Chat "Sorry I couldn't process that" — GPU_MAX_WAIT_MS Stripped + Slow Inference 504s
Metadata
- Date:
2026-05-15 - Status:
in-progress - Severity:
high - Related issue/ticket: N/A (follow-on from
2026-05-14-chat-504-api-gateway-29s-hard-timeout.md) - Owner: N/A
About
Overview: The user reports seeing "Sorry, I couldn't process that. Please try again." on chat even though the GPU is believed to be running. Previous debugging established two root causes (see 2026-05-14-chat-504-api-gateway-29s-hard-timeout.md). This session investigates what is still failing after the GPU_MAX_WAIT_MS=15000 fix was applied.
Root Causes Found:
Root Cause 1 (Immediate): GPU_MAX_WAIT_MS was stripped from the deployed Lambda
The env var GPU_MAX_WAIT_MS=15000 that was set in a previous deploy is no longer present in the live Lambda function configuration. The most recent sam deploy did not include GPU_MAX_WAIT_MS in template.yaml's global or function-level environment variables, so the deploy overwrote the Lambda env back to the default (120000ms).

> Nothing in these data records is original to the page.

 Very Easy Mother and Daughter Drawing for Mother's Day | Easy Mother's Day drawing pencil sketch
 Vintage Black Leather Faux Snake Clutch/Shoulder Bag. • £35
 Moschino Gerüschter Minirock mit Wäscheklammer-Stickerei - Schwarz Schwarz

With GPU_MAX_WAIT_MS=120000 and a Lambda timeout of 60s, health-poll requests that need to wait for GPU cold-start will be killed by Lambda timeout at 60s → API Gateway returns 504.
Evidence: aws lambda get-function-configuration shows no GPU_MAX_WAIT_MS key in deployed Variables.

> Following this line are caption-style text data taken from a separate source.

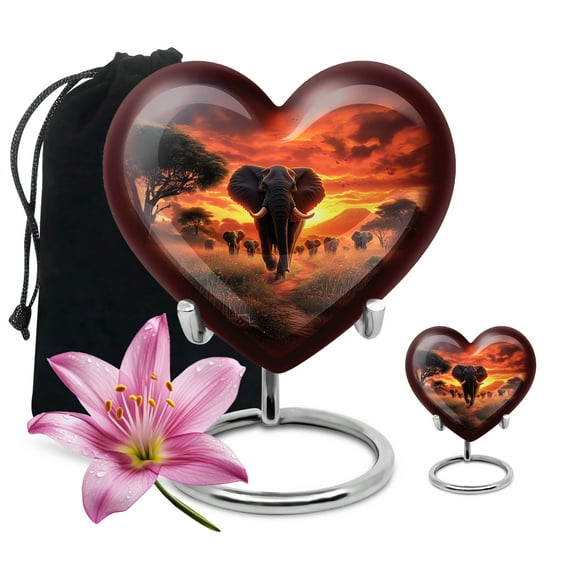 SABURIAL Elephant Urn - Large Cremation Urn For Adult Women Ashes - Memorial Small Funeral Urns For Human Ashes Adult Female - Combo Of 8 Inch & 3 Inch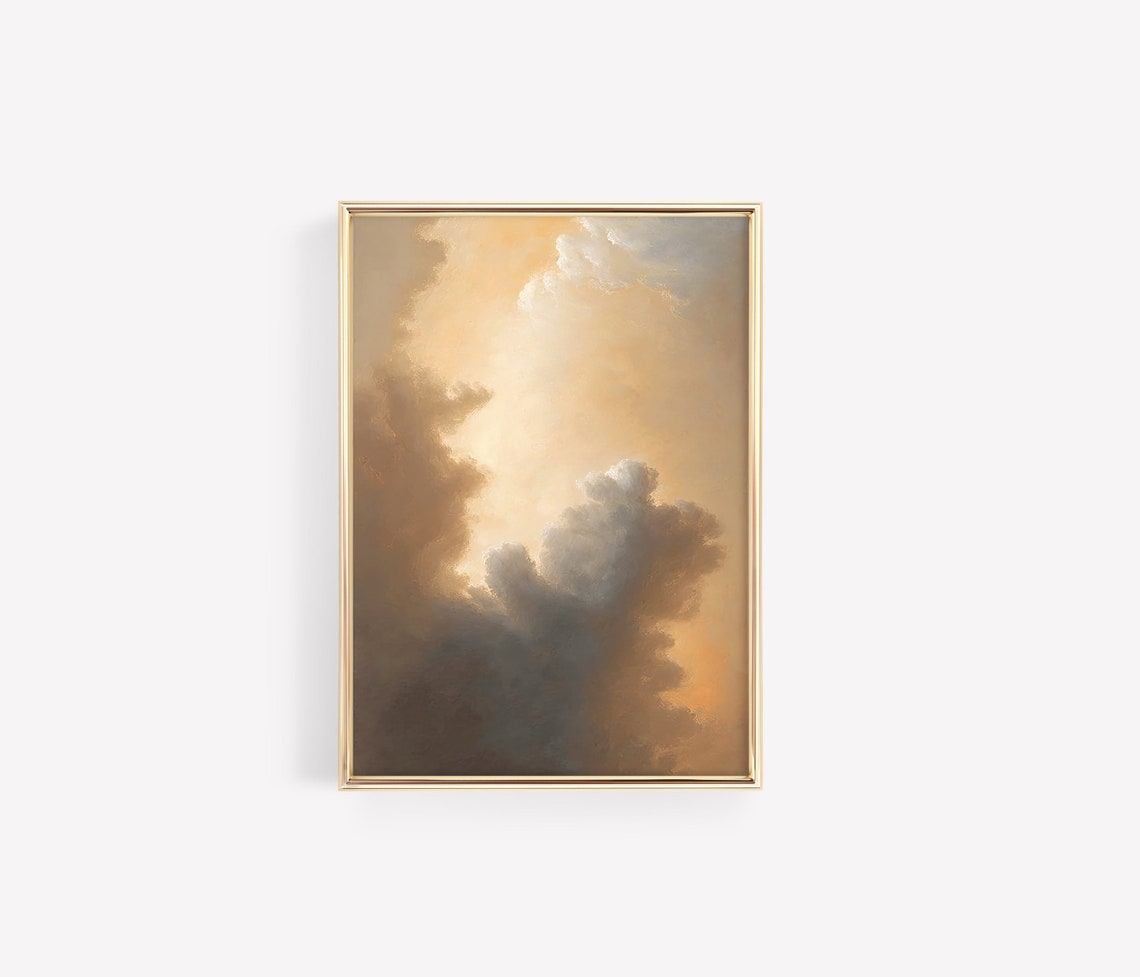 Golden Cloud Study Warm Abstract Sky Oil Painting Art Poster - Image 3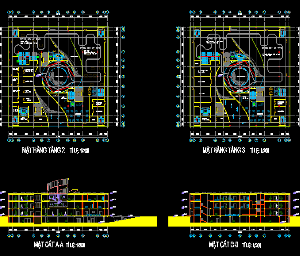 Bản cad phần mặt đứng và mặt bằng và mặt cắt bảo tàng chăm Đà Nẵng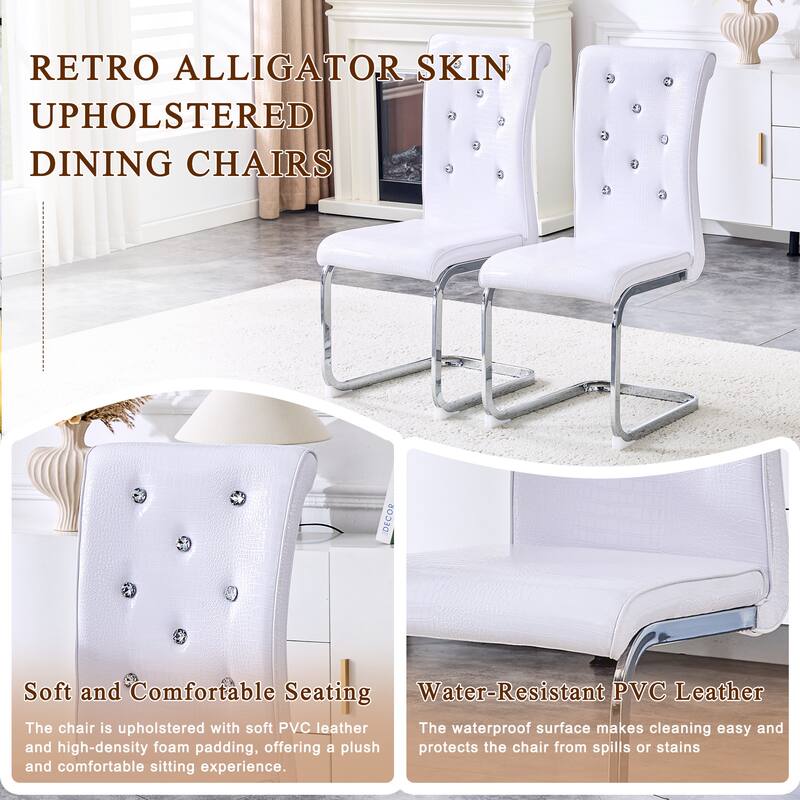 Set of 2, Retro Faux Alligator Skin Upholstered Dining Chairs, with Crystal Buckle Design and Faux Leather Design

Root Cause 2 (Ongoing): Slow GPU inference exceeds API Gateway 29s hard timeout
Even with a warm GPU (health check passes immediately in 5-150ms), ReasoningAgent.answer() takes 40-44 seconds for complex queries. The API Gateway REST API integration timeout is hard-capped at 29 seconds. These requests always return 504 to the client. The Lambda finishes the work (logs show completed duration_ms=44018) but API Gateway has already closed the connection.
Evidence in CloudWatch logs: - memories_chat_app completed duration_ms=44018 — Lambda completed successfully - But API Gateway 29s timeout fired before Lambda responded, so client saw 504
This is the same Cause 2 identified on 2026-05-14. It was not fixed — only Cause 1 (GPU health poll overshoot) was fixed.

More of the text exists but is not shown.